I believe that these are all issues with the existing library (but see comments below) as opposed to being something introduced in the fork (so probably best to raising separate issues to track). I'm keen to land the fork before adding too many further changes (as adding persistence is a huge change).

* if keepalive isn't set pinger will panic

Bug in current code (and also here). Probably should not start the pinger if keep alive is 0.

* if brokerUrl isn't set the client will just hang

This would refer to autopaho - and yes it does (in existing version). I guess we could check the length in NewConnection and return an error.
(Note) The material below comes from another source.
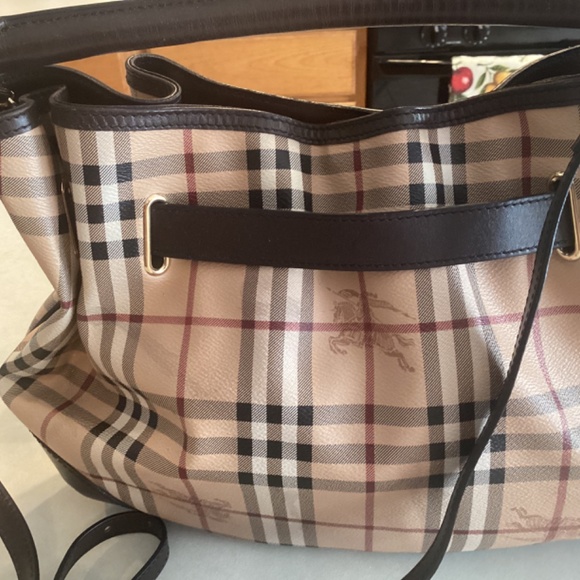 Handbag - Picture 8 of 9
* keep alive is a uint16 type - this prevents long keep alive. Our prod server side service keep alive is 10 minutes on the consumption service as it lives along side the broker cluster and we noticed that in qos 0 we had contention with the keep alive and consuming messages coming in. Using the lib device side in the case of metered connections on NB-IoT, the devices cannot broadcast on the network more than once per a certain number of hours and we like to keep the connection open for long periods of time if possible as the ssl handshake can be larger than payload for simple stuff.
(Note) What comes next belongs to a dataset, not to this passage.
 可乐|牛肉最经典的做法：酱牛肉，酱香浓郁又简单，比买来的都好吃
The KeepAlive unit is seconds so supports circa 18 hours; this is dictated in the MQTT v5 spec. Currently the ping handler only considers the keep alive period (it is not given info on when other packets are sent). Changing this would be an enhancement (but a worthwhile one).

* there was previously a SetOrderMatters(false) which I think handled ordering of pingresp/ack but I could be wrong.
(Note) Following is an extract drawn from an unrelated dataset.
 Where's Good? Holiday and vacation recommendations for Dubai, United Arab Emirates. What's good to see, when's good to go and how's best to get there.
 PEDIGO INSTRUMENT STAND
The v3 client SetOrderMatters just set whether the publish call backs were called in a goroutine or not (it was not directly related to keepalives - but if SetOrderMatters(true) then long running handlers would cause keepalive issues). The v5 client always passes messages sequentially (this is really necessary to meet spec requirements).

RE: manual acks, another solution could be to have a reconnection counter and pass the value to the publish callback along with the publish packet. The Ack method would take the counter value as an argument. If the user calls Ack with a counter value that is lower than the client's current counter value, no PUBACK is sent.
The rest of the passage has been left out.